Mr. Beardsley's salary was at first three hundred dollars per annum, increasing to twelve hundred before the close of his services. He collected the sum of one million, three hundred and ninety-eight thousand, six hundred and forty-two dollars and sixty-eight cents. His accounts were models of nicety as well as accuracy, errors and discrepancies being equally unknown.

Being a gentleman of simple tastes and habits, with few wants, he has acquired a comfortable competence, without acquiring a thirst for gold, and without withholding his substance from charitable and public purposes. He is highly esteemed by all who know him, for a life-long consistency of character, and sterling qualities as a man and a friend. The writer occasionally sees him on our crowded streets, although quite feeble, with a mind perfectly serene, and well aware that his race is almost run. His record is worthy of emulation.

Thomas Augustus Walton.

When the genial countenance and kindly voice of T. A. Walton were missed from the customary gatherings of the river merchants, it was felt that something had been lost which not even a lucky speculation, or a good run of trade, could not restore. When the news of his sudden death, whilst on a foreign tour for the restoration of his health, was received, there was genuine sorrow among his old business associates, and poignant grief with many who had learned to look on him not merely as a successful merchant, but as a man of tender heart and open hand when suffering and distress appealed to him for sympathy and aid.

Mr. Walton was born in London, and to the last he looked with affection to the city of his birth. His education was gained at the City of London School. After leaving school he was brought up to mercantile pursuits, and in 1830, concluding that there was a better opening in that line in America, he came to this country, bringing with him a considerable amount of money. For a few years he remained in New York, loaning his capital, for which he always found ready customers, but unfortunately they were not all as ready to pay as to borrow. He lost large sums, and was driven to the conclusion that for a man of his openness of character and confiding honesty, New York was an unprofitable location. The representations of a friend, combined with dissatisfaction with his experience in the commercial metropolis, determined him to seek his fortune in the West. Evansburg, Ohio, had been represented to him as a desirable place in which to live, a thriving business point, and adjacent to good hunting ground. This combination of attractions determined him, and he set out for Evansburg with what remained of his capital.

But the attractions of Evansburg soon wearied him. Neither his social, commercial, nor sportsmanlike hopes were fulfilled by the facts, and Mr. Walton speedily turned his back on the place of so much promise and so little realization. Cleveland was the rising place of the West, and to Cleveland he came, and established himself, as was the custom with new comers of a commercial turn, in the produce and commission trade. Following the old maxim, he stuck to his business and his business stuck to him.

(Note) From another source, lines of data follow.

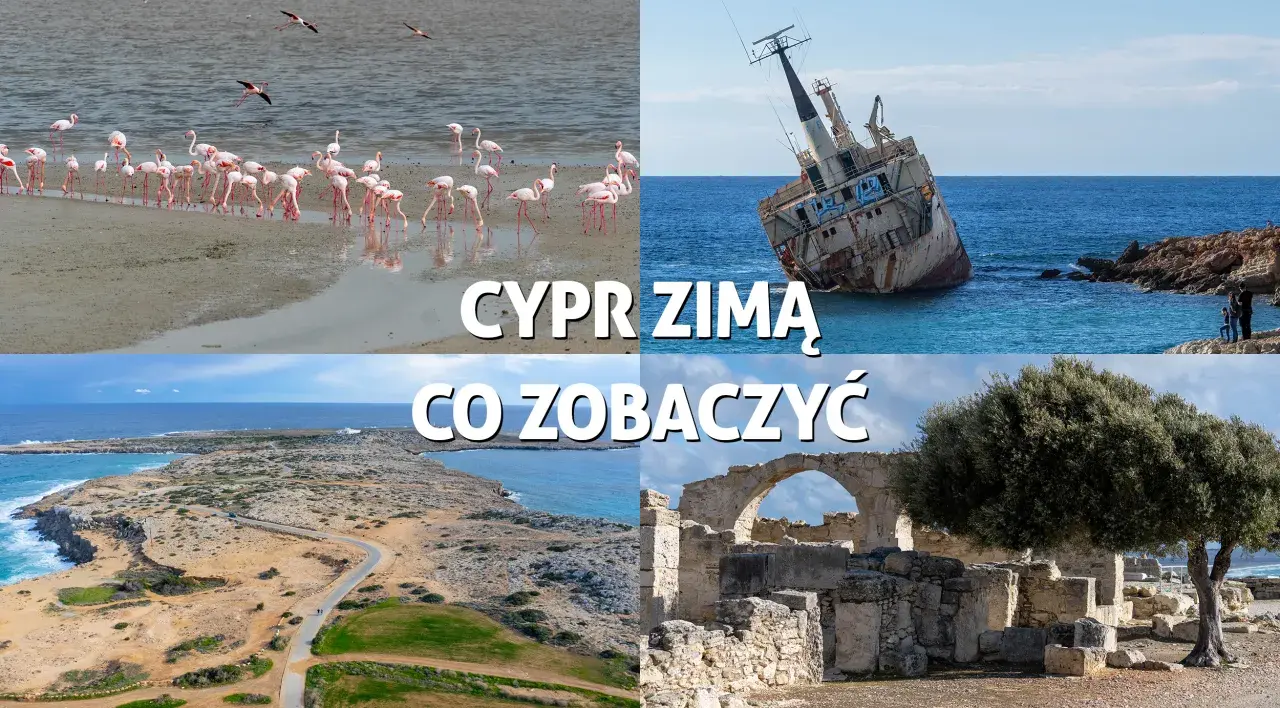 Cypr zimą: flamingi, wrak statku, wybrzeże i ruiny. Pogoda w lutym sprzyja zwiedzaniu.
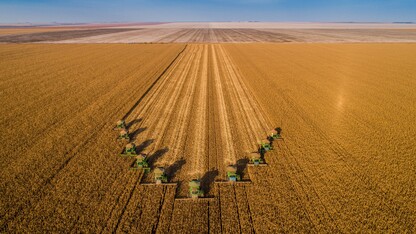 High productivity of a corn crop field in Mato Grosso, Brazile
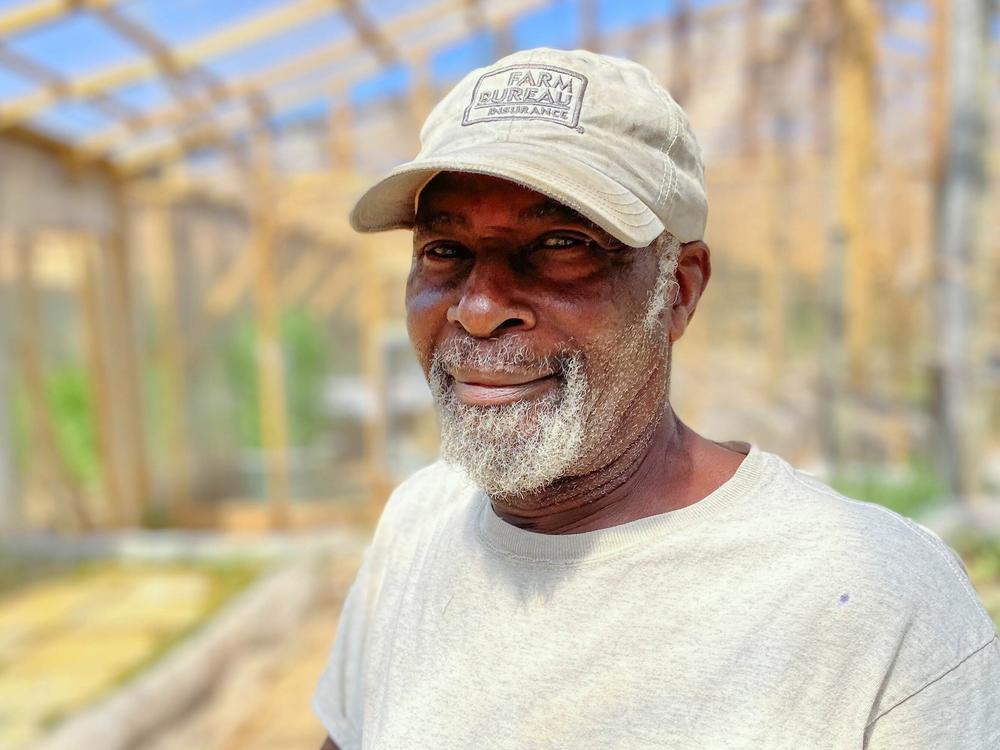 Phillip Barker, in the hydroponic growhouse on Olusanya Farm LLC, which he owns with his wife in Oxford, N.C.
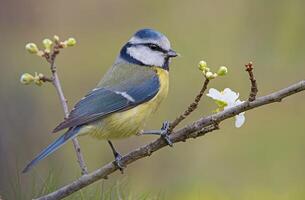 Vogel Fotografie, Vogel Bild, die meisten schön Vogel Fotografie, Natur Fotografie foto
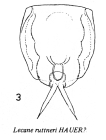 Lecane ruttneri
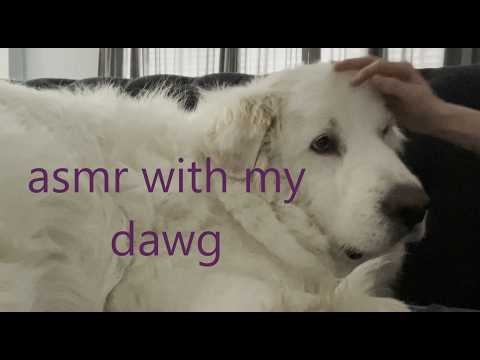 asmr with my dog :D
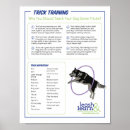 Suche nach trick poster Training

The old frame warehouse in front of which he hung out his sign in 1838, was occupied by him for twenty-five years, until January, 1863, when he retired from active business and was succeeded in the same building by his nephew, Thomas Walton, who still retains the business and the old location.

Mr. Walton's nice sense of honor commended him to a large circle of customers in the interior and in Michigan, whilst nearly all the Canadian business with Cleveland passed through his hands. His Canadian customers relied implicitly on his word, and the fact that he always retained his old friends, and received constant accessions of new, sufficiently proved that their confidence was not misplaced.

In the Spring of 1863, soon after his retirement from business, he went to England with the intention of staying a year or two and then returning to enjoy the remainder of his life in ease in this country. Whilst in England he paid a visit to some friends in Southampton, and whilst taking a bath in a movable bathing-house on the beach, probably was seized with cramp and suffocated by water getting into his lungs. The news of his death caused a painful shock in business, social, and religious circles, where he had been so well known and so highly esteemed.

For a long term of years Mr. Walton was the presiding officer of the St. George's Society of Cleveland, and that benevolent institution owed its usefulness in great measure to his indefatigable zeal in the cause, and to his unstinted liberality. To the distressed of any nation he never turned a deaf ear, but to the needy and suffering of his native country he was ever liberal, and accompanied his unostentatious charities with kind words and manifestations of sincere interest that were frequently as beneficial to the recipient as the money itself. He was also a valued member of the Masonic Order.